I also mentioned above that a CLI flag needs to be set to have Loki insert
environment variables into the configuration file. This is the -config.expand-env=true
flag.
Finally, I’d like to point out the securityContext.fsGroup
setting. I did not
have this setting in the beginning, which had the consequence that Loki threw
Permission denied
errors when trying to create a couple of directories during
startup. This configuration is always required when mounting PVCs, at least
Ceph PVCs.
I also had to setup a Service and an Ingress, as my Nomad Grafana instance will need to access Loki until I’ve moved it over to k8s as well. I only show the manifests here for completeness’ sake:
apiVersion: v1
kind: Service
metadata:
name: loki
labels:
{{- range $label, $value := .Values.commonLabels }}
{{ $label }}: {{ $value | quote }}
{{- end }}
spec:
type: ClusterIP
selector:
{{- range $label, $value := .Values.commonLabels }}
{{ $label }}: {{ $value | quote }}
{{- end }}
app: loki
ports:
- name: loki-http
port: {{ .Values.port }}
targetPort: loki-http
protocol: TCP
---
apiVersion: traefik.io/v1alpha1
kind: IngressRoute
metadata:
name: loki
annotations:
external-dns.alpha.kubernetes.io/hostname: "logs.example.com"

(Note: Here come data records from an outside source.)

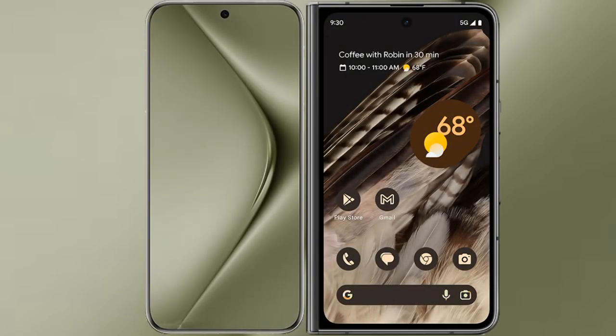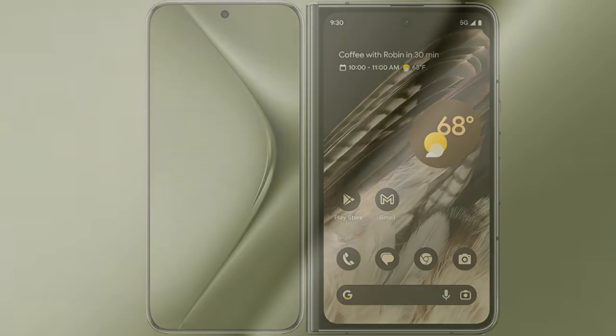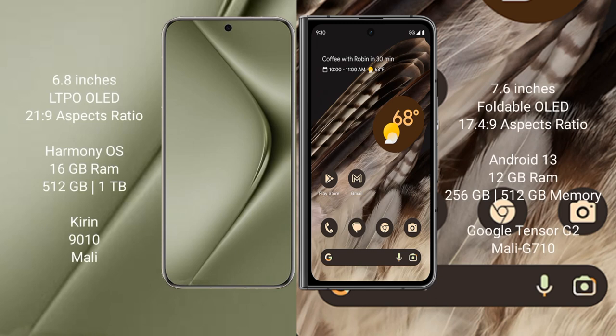I will compare the new Huawei Pura 70 Ultra with the Google Pixel Fold. The Huawei Pura 70 Ultra comes with a 6.8-inch LTPO OLED display, while the Google Pixel Fold comes with a 7.6-inch foldable OLED display.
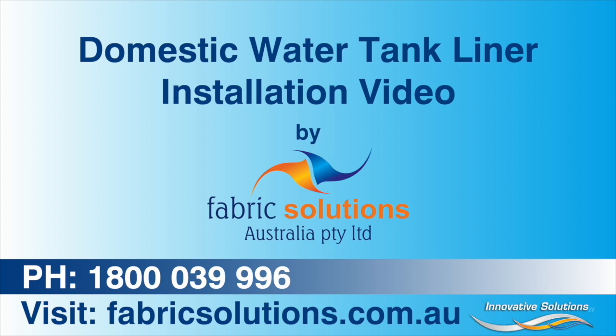Welcome to Fabric Solutions Australia's instructional video on how to install our domestic water tank liner. We will guide you through preparing your tank, preparing the water inlets and outlets, installing the underlay, and then installing the liner itself.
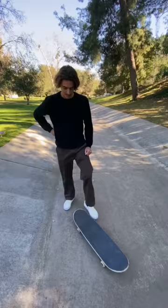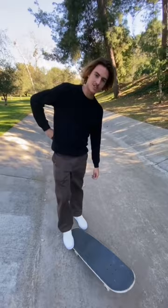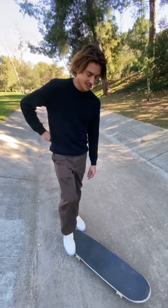Basically what you want to do is jam the ball of your big toe into the pocket right there. Then kind of keep your foot straight, take your front foot off, and just kind of throw it over.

external-dns.alpha.kubernetes.io/target: "ingress.example.com"
spec:
entryPoints:
- secureweb
routes:
- kind: Rule
match: Host(`logs.example.com`)
services:
- kind: Service
name: loki
namespace: loki
port: loki-http
scheme: http
I’ve also configured a CiliumNetworkPolicy for the Namespace, which looks like this:
apiVersion: "cilium.io/v2"
kind: CiliumNetworkPolicy
metadata:
name: "loki"
labels:
{{- range $label, $value := .Values.commonLabels }}
{{ $label }}: {{ $value | quote }}
{{- end }}
spec:
endpointSelector: {}
ingress:
- fromEndpoints:
- {}
- matchLabels:
homelab/ingress: "true"
io.kubernetes.pod.namespace: traefik-ingress
- matchLabels:
io.kubernetes.pod.namespace: fluentd
app: fluentd
This also already contains the config for the later FluentD access.
FluentD setup
Next step down the logging stack is my FluentD instance. I’m using it in the role of a log aggregator. All logs produced in my Homelab ultimately end up here. I’ve kept all per-host log shippers as dumb as possible and do all log massaging and aggregation in FluentD. It has served me well in the past, since the days when I used Influx’ Telegraph, for a short while. It is highly efficient, serving all the syslogs and application logs from my entire setup with 105 MB of memory and 1.7% of the CPU. The only slightly weird thing is the configuration language, which has a decidedly XML character, showing the time it was initially implemented. 😉
I’m running FluentD as a singular instance, made available to my entire Homelab via a LoadBalancer type Service. It has to listen on a number of ports as well, for syslogs in both standard formats (RFC3164 and RFC5424) and TCP and UDP as well as forwarding from the Nomad and k8s cluster.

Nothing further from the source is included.